I have one of those (less expensive cabinet) with the Sphynx decal. I had to order a bobbin winder for it because the one it had was for a different machine. Oil it good!

Mine works very well, I've even quilted with it. It does not have a back stitch. If you try to back sew, it simply unsews. You have to either turn the item around and stitch forward, or tie off the threads. Still, I think it is a great machine, and I can leave it in the living room because it is a cool piece of furniture.


----------



## Macybaby (Jun 16, 2006)

Very nice! I'd love one like that, but I'm about out of room and would have to kick one of the other "kids" out first. I think I need a bigger house - or an converted RV out back to move some into.


----------



## RebelDigger (Aug 5, 2010)

I started cleaning it today. Boy o boy, I don't think it has been used in decades. Most likely sat in someone's house to look good. It is not frozen up or anything but, all the screws are stuck so I had to use PB Blaster on them and am letting them soak. However, it does sew as is which is a huge plus.
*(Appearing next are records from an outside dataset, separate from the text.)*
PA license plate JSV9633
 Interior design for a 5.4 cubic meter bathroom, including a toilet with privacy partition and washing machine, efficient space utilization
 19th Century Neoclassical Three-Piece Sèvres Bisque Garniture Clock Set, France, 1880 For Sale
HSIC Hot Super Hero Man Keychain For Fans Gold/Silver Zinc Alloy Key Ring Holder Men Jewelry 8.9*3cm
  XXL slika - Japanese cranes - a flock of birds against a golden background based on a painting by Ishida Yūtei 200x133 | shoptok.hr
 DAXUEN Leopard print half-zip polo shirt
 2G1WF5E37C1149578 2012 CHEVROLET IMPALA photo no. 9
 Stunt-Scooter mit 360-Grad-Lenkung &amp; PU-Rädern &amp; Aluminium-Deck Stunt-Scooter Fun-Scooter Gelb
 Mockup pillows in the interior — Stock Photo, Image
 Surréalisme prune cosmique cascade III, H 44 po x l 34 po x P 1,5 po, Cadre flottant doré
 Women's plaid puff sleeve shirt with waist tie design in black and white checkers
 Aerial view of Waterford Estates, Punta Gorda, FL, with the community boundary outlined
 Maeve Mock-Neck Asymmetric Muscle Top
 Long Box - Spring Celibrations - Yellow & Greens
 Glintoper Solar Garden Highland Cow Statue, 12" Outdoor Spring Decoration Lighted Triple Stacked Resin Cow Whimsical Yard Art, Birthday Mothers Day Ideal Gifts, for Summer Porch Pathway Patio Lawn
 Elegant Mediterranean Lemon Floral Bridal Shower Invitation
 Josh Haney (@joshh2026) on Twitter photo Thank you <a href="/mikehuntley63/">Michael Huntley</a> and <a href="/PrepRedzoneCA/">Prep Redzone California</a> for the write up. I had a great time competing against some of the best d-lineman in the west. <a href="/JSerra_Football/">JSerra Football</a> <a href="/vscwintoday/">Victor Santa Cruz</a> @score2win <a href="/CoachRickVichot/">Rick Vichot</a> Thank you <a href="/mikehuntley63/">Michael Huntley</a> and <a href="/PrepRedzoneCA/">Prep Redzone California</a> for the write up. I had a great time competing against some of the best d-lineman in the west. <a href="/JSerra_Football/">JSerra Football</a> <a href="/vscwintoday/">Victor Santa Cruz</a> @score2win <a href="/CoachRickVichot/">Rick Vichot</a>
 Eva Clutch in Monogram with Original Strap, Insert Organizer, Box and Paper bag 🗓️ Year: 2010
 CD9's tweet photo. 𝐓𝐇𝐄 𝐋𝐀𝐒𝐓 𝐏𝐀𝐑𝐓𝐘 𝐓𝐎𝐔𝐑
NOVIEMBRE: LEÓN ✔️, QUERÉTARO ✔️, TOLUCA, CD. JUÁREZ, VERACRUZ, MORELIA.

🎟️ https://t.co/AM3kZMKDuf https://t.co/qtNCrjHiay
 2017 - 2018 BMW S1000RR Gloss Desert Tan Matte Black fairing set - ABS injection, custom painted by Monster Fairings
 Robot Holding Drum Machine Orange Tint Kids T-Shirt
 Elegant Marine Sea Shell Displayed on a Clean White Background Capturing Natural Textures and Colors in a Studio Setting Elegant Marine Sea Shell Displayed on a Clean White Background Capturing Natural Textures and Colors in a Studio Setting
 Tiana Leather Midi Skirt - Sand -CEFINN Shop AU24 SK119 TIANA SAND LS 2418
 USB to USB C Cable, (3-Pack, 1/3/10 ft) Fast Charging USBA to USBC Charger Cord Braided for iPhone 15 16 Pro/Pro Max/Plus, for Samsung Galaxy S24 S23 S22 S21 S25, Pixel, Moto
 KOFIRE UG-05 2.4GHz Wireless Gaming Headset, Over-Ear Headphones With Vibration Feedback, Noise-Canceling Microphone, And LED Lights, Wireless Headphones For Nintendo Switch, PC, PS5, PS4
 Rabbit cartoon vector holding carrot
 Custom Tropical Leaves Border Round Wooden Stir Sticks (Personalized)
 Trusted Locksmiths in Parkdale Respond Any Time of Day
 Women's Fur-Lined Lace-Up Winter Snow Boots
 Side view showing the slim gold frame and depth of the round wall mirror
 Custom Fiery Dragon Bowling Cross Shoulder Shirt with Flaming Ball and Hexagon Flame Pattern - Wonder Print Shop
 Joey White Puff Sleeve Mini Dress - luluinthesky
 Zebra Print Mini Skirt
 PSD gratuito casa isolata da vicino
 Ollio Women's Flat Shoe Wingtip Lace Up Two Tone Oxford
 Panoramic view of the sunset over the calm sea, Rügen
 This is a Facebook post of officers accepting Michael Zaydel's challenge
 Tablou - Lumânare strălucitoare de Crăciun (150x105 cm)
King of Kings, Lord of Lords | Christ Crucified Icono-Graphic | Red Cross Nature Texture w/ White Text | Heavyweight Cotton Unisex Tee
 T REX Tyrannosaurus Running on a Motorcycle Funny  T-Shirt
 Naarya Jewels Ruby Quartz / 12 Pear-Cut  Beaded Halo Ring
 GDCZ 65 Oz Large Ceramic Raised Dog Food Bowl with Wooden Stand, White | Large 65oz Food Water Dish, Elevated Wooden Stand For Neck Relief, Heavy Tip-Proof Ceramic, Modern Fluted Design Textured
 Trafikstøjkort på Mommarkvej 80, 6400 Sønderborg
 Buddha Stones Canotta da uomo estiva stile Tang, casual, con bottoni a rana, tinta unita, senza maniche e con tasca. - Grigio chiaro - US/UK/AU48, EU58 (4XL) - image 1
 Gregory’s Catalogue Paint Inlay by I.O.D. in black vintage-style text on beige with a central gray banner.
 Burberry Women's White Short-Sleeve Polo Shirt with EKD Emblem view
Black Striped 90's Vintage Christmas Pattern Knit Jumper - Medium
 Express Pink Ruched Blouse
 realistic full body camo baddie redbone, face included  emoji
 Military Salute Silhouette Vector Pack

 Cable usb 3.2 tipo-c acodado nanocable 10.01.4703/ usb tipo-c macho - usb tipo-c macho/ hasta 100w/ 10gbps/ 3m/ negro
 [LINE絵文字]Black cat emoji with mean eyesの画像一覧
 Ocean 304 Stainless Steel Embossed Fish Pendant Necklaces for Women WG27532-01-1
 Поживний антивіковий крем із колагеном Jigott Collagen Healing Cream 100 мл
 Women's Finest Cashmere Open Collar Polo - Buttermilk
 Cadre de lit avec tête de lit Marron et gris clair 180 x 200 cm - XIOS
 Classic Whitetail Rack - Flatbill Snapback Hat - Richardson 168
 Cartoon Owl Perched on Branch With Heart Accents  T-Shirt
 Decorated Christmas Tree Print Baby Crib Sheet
I sew on a treadle routinely, the other one is the 66, I just leave long tails on the thread and tie a knot or sometimes will turn the work and sew a few stitches to lock them. No biggie.

This is my 3rd Sphinx decal machine. The others are another 27 which is almost in the boat anchor category and a 127 that I put a hand crank on. This one has the best decals of the 3. The 66 I have put up photos here before, it is a back clamping Red Eye. 

I am tickled to get the puzzle box with this one. It has an underbraider in it and wouldn't ya know, I am about to make a Civil War dress for myself that will have 30 yards of soutache trim in decorative designs on the bodice and skirt hem, so the underbraider is going to be a God send.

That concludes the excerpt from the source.